Il padre delle mie tre vicine di casa era un galeotto. Sorrideva sempre, quando non era in galera, ma sebbene sorridesse e fosse di fatto gentile, aveva una luce diabolica negli occhi e quei capelli neri e lisci e lunghi. Era secco come un chiodo. Scuro di pelle, sembrava sempre sporco. Si narravano storie atroci di delinquenza e violenza carnale sulle figlie con cui giocavo quando lui non era in casa. Loro non dissero mai nulla. Io non chiesi mai.
C’era anche sua moglie. Grassa e con i denti grigi piccoli e scombinati, con i capelli lisci di un castano topo e unti. Brutta come una strega. Grassa come una balena. Dalla sua bocca uscivano solo cattiverie e meschinità inimmaginabili. Lei non era gentile. Urlava sempre. E mentre urlava sputava. Una volta l’ho vista sfracellare a colpi di scopa una nidiata di topolini appena nati.

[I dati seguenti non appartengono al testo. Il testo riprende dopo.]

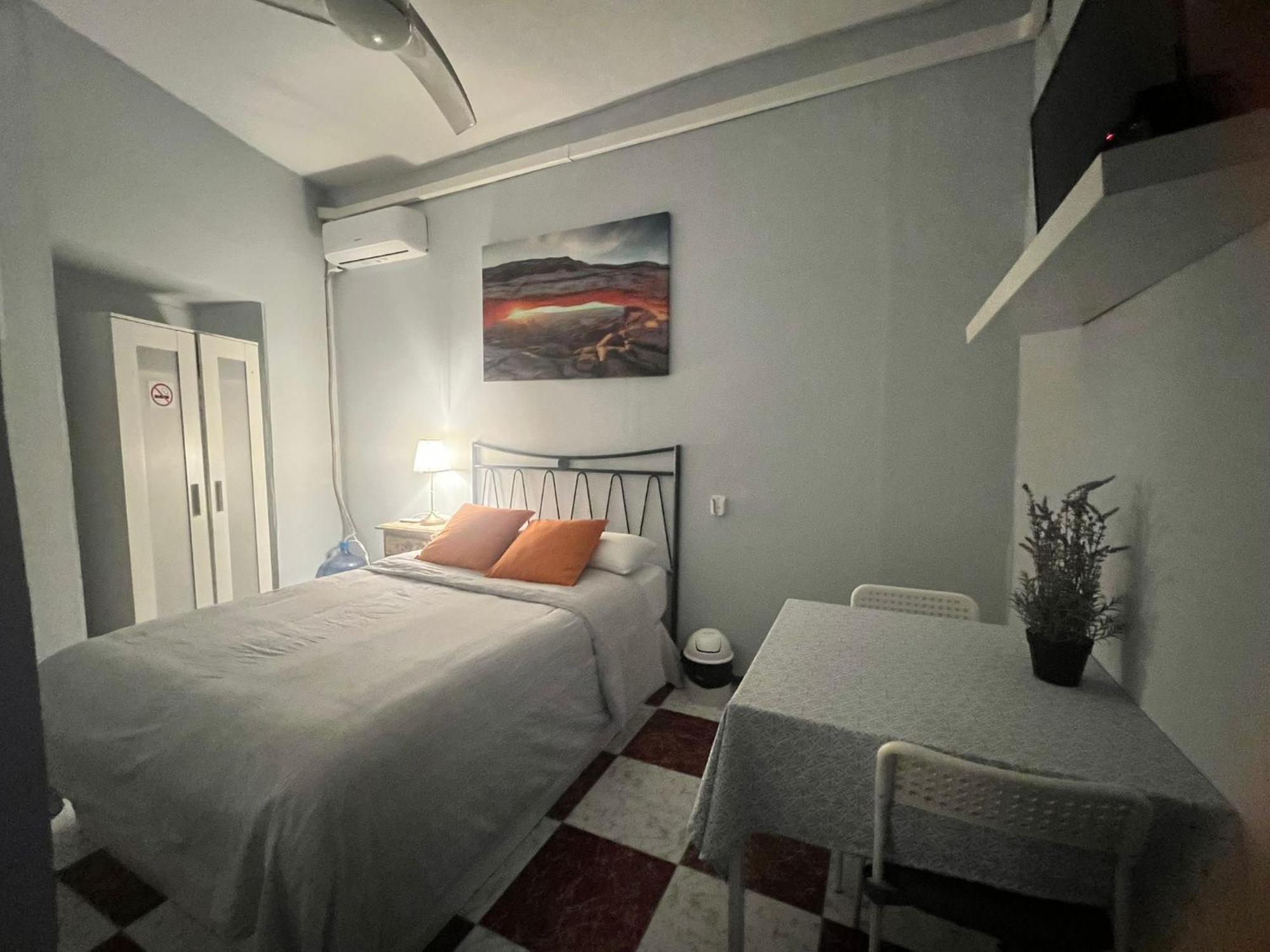 Santa Isabel Low Cost Rooms In Private House — Photos 2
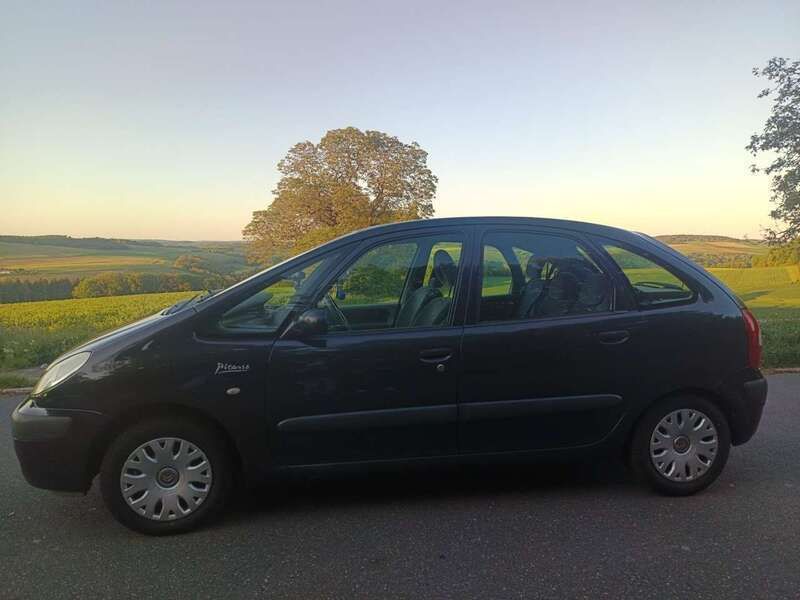 Blau Gebraucht 2005 Citroën Xsara Picasso Comfort Van / Kleinbus | 2.800 € (Teuer) - Bild 1/4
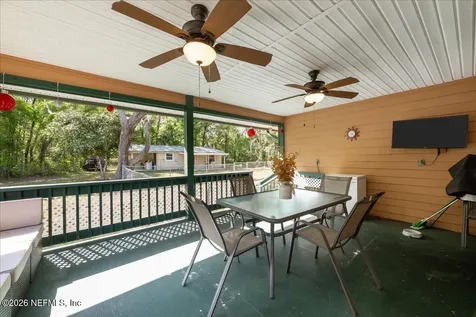 111 Holly Drive Florahome FL 32140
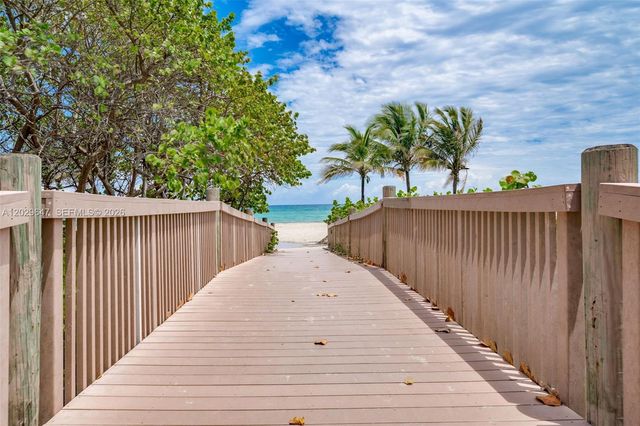 1201 S Ocean Drive 1105N, Hollywood, FL 33019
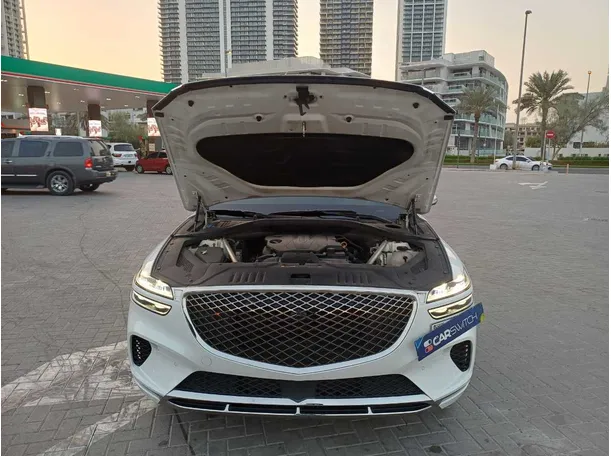 Car image 25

L. invece aveva avuto la meningite a soli due anni ed era rimasto ritardato. Le sue gengive crescevano senza controllo e ogni tanto gliele tagliavano, si diceva. Io passavo ore e ore a immaginare come sarebbero state se le avessero semplicemente lasciate crescere. Le sue mani erano piene di verruche. Forse sua madre non sapeva che andavano via con il latte dei fichi.
C’era il vecchietto porco che stava sempre al parco e appena poteva allungava la mano sulle cosce delle ragazzine in bicicletta.
C’era la signora della merceria innamorata del prete. Zitella a vita sempre con un sospiro d’amore in gola e un velo di tristezza e di perbenismo cattolico nello sguardo.
C’era il contadino che aveva chiamato i suoi cinque figli Primo, Secondo, Terzo, Quarto e Quinto. Tutti maschi e tutti belli.
Quello che aveva avuto la poliomelite e una delle sue due gambe era minuscola. Quello che aveva invece la mano di plastica. E c’era il figlio della vicina che dicevano fosse ermafrodita. E l’altra vicina che ti parlava solo dalla finestra con la tapparella mezza abbassata perché soffriva di agorafobia.
C’era la ragazzina dagli occhi grandi che ogni tanto iniziavano a girovagare all’impazzata come orbite volanti proprio mentre ti stava parlando e non sapevi più dove guardare. E c’era l’insegnante di ginnastica che si chiamava signorina e aveva il seno ma anche una folta barba e vestiti maschili.
Tutti loro erano i protagonisti delle nostre giornate trascorse a giocare per strada, delle storie che ci scambiavamo mangiando il gelato seduti sulla panchina del parco, quando ancora non c’era la televisione a colori e tantomeno tutti i cartoni animati di oggi.
E adesso, che non ho più il tempo di girare in bicicletta, la sera, sul divano, quando non sono presa da un libro o non c’è un bellissimo film romantico, guardo i programmi di chirurgia estetica, grassi contro magri, adolescenti xxl, una casa piena di rifiuti, un anno per dimagrire cento chili, coppie freak che parlano della loro vita sessuale.